Диалектика общего и частного, правила и включенного исключения – вот тот интеллектуальный контекст, в котором проблема голой жизни становится мыслимой. Для мысли открыта подвижность различий, которая производит реальность. Всякий разговор о возможном разрешении проблемы произведения голой жизни будет звучать неизбежно наивно – в самом деле, нельзя просто так, исходя из какой-то гуманистической прихоти, отказаться от наиболее фундаментальных форм человеческого мышления. Имея в виду эти формы, можно сказать: однажды случившееся в истории отныне и впредь необратимо.

Также нет речи о том, чтобы вновь запустить, хорошенько ее откалибровав, машину различения биос и дзоэ. Эта старая мечта пресыщенных интеллектуалов, мечта о возвращении к грекам все так же сомнительна, если не прямо постыдна. Ведь и сами греки, жившие в данном различении, не избежали биополитического капкана – об этом свидетельствуют включенные исключения сведенных к голой жизни рабов, дегуманизация так называемых варваров (то есть попросту других) и политических (религиозных) отступников вроде Сократа. Не лучшим образом дела обстояли при безраздельном христианстве: биополитика инквизиции и Крестовых походов, гонения еретиков, бесправие сервов и прочее. Все выглядит так, что биополитика – это судьба.

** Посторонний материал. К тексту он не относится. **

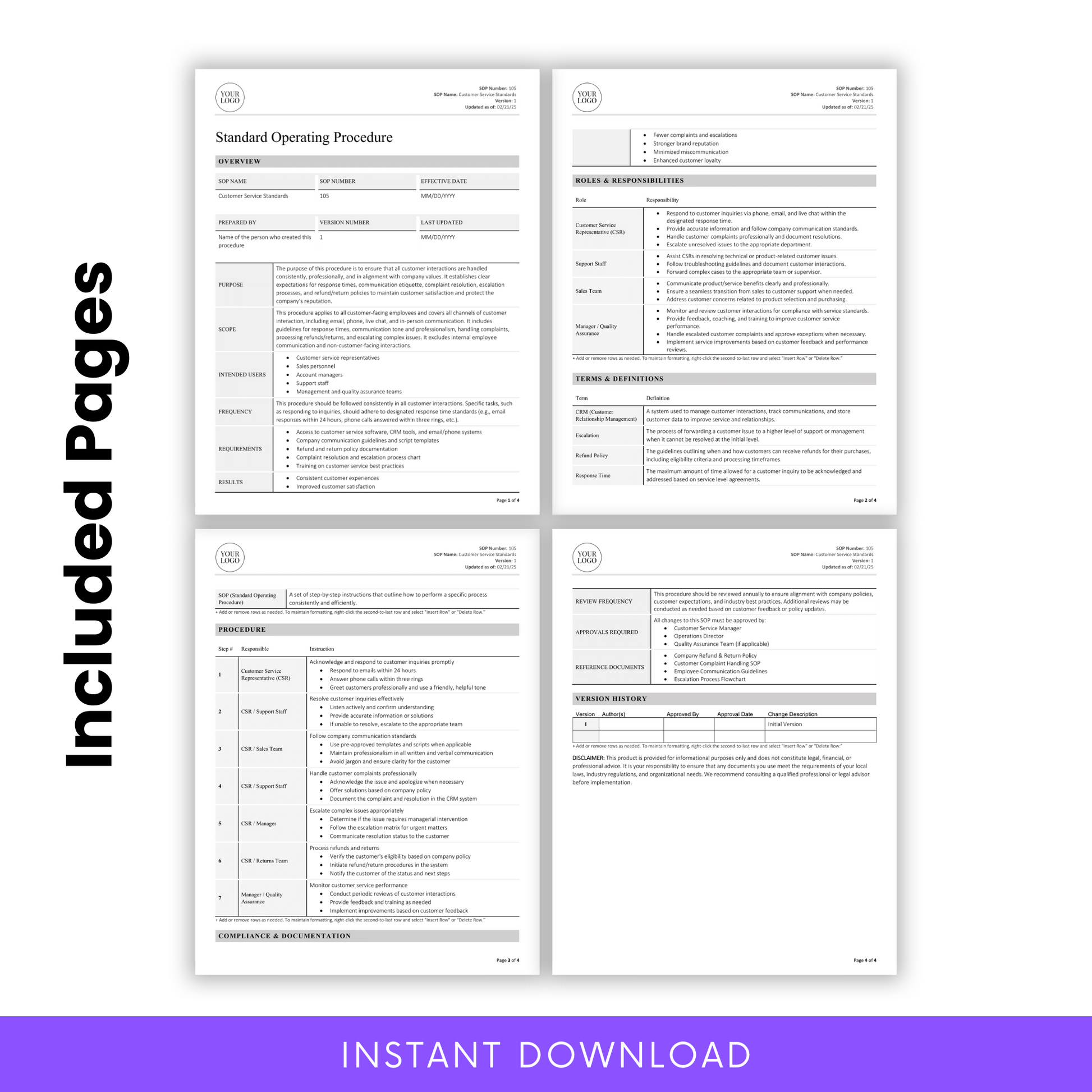 Four-page visual overview of the full SOP document including the Overview, Roles & Responsibilities, Procedures, and Version History sections, designed in a clean, minimalist format.
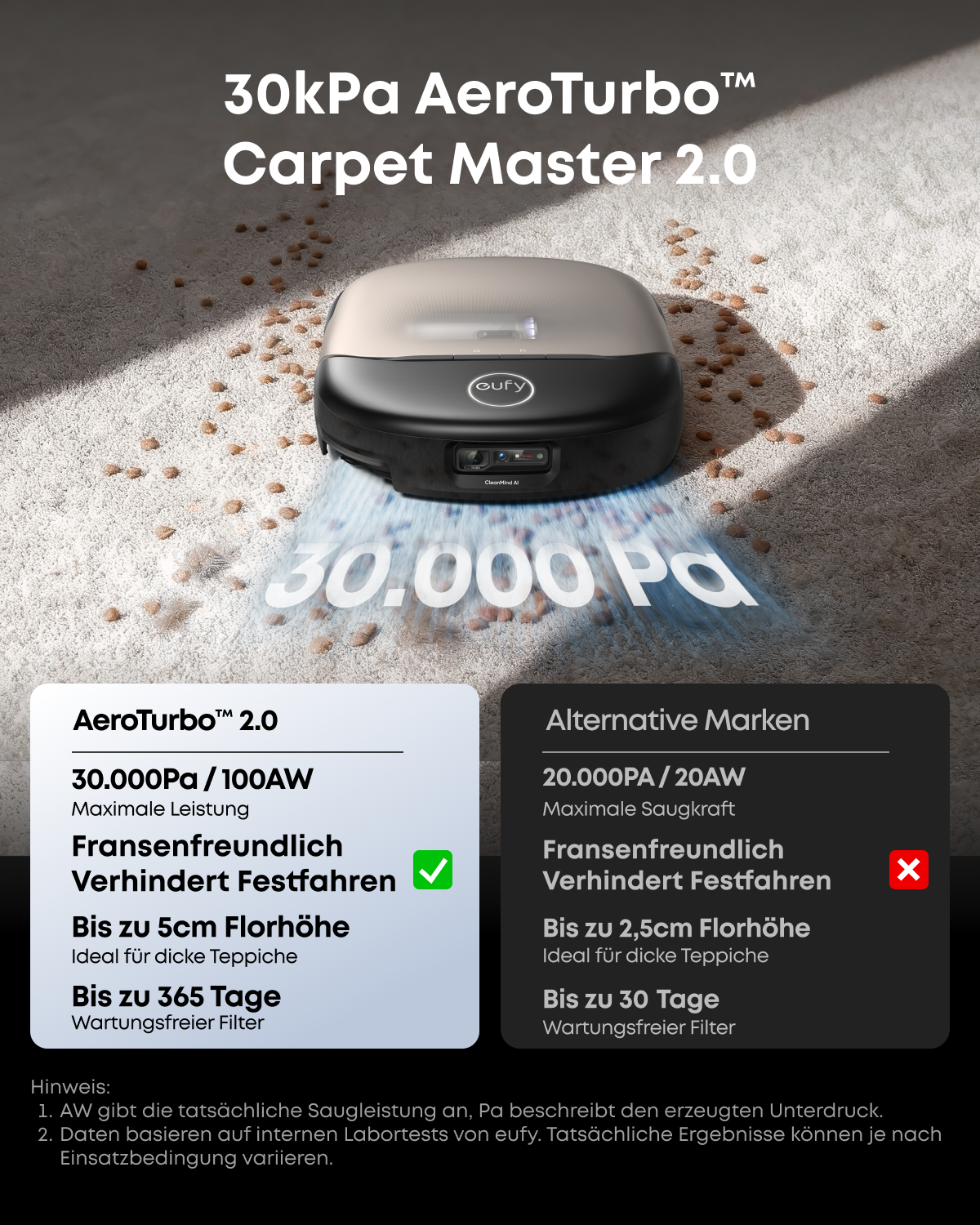 Eufy Robot Vacuum Omni S2 Saugroboter mit Wischfunktion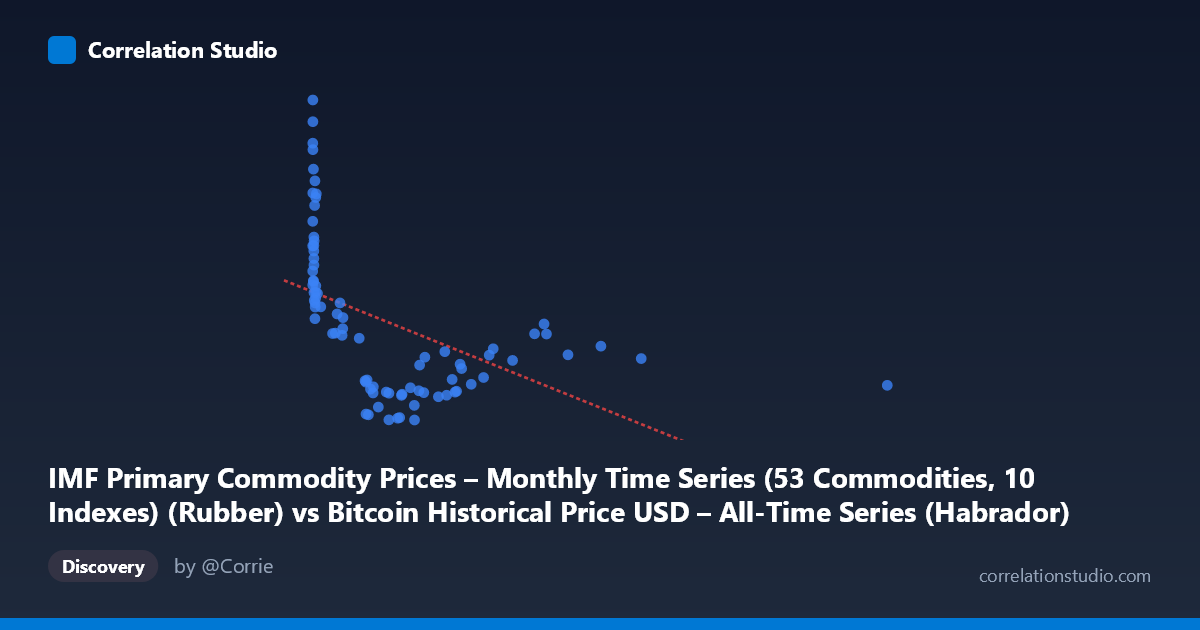 Scatterplot: IMF Primary Commodity Prices – Monthly Time Series (53 Commodities, 10 Indexes) (Rubber) vs Bitcoin Historical Price USD – All-Time Series (Habrador) (Price)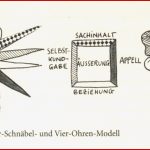 Kommunikationsmodell Nach Schulz Von Thun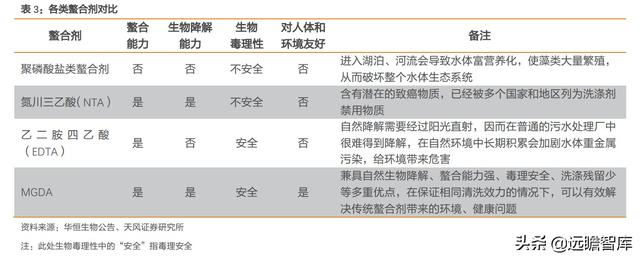 化工行业研究：L-丙氨酸，技术变革催生需求增长，龙头优势显著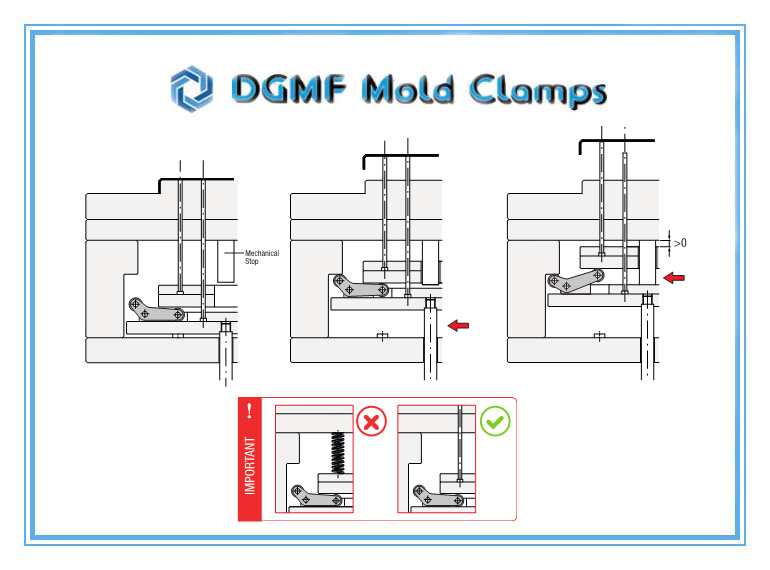 DGMF Mold Clamps Co.,Ltd - Plastic Injection Molding Components Plate Accelerator EP Series Installation Guidelines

Агамбен не предлагает решения этой проблемы – он предлагает новый контекст, иную интеллектуальную перспективу, в которой вещи могут быть увидены по-другому, не с точки зрения бессознательного фатума. Перспектива эта нова, конечно, в весьма относительной степени. Сделать к ней первое приближение, на мой взгляд, удобней всего со стороны феноменологии, но с той существенной оговоркой, что мы рискнем помыслить феноменологию без перехода к так называемой эйдетической редукции. Переход от феномена к эйдосу, понятому в рамках платонической традиции, то есть переход от явления к его предполагаемо чистому интеллигибельному бытию всегда оказывается метафизическим прыжком – как в случае с наблюдаемым кубом, который никогда не дан в опыте как целое, со всех сторон сразу – в «идее». Наблюдаемый куб в силу своей ежемоментной неполноценности, принципиальной незавершенности в самом наблюдении – куб этот сопротивляется всякой редукции к сущности, которая окажется насилием над феноменом. Тогда противоположным насилию всяких редукций будет простое допущение, что куб действительно является – видится – неполноценным, незавершенным, частичным – попытка дать кубу возможность быть именно таким, какой он есть: не сущностным, но существующим – в недостатке.